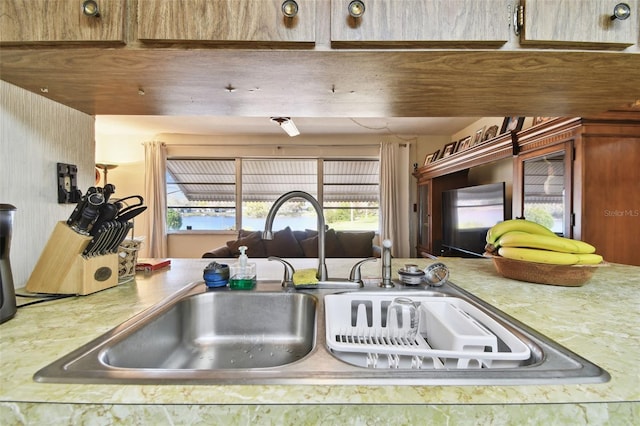 kitchen featuring sink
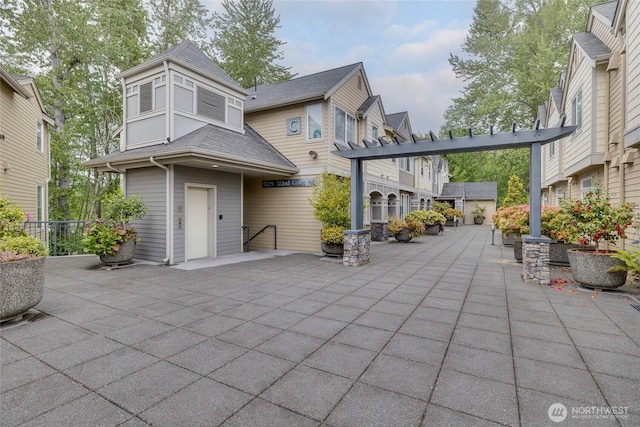 9229 122nd Ct NE Unit 13, Kirkland, WA 98033 - view of patio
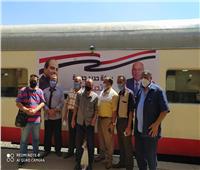 بالصور.. بالزغاريد وعلامات النصر| مواطنون يحتفلون ببدء تشغيل القطارات الجديدة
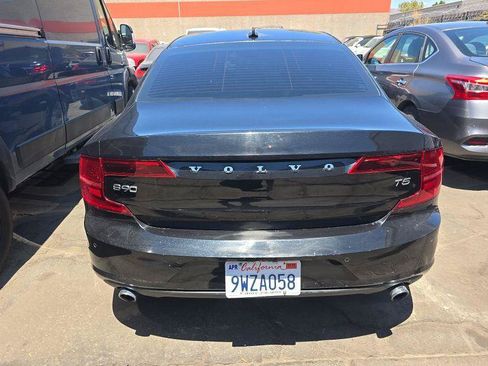 Used 2018 Volvo S90 T5 Momentum w/ Convenience Package FWD image 5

──────────────────────────────

Write out the whole listing again, exactly, with no pictures.

 kitchen featuring sink
 9229 122nd Ct NE Unit 13, Kirkland, WA 98033 - view of patio
 بالصور.. بالزغاريد وعلامات النصر| مواطنون يحتفلون ببدء تشغيل القطارات الجديدة
 Used 2018 Volvo S90 T5 Momentum w/ Convenience Package FWD image 5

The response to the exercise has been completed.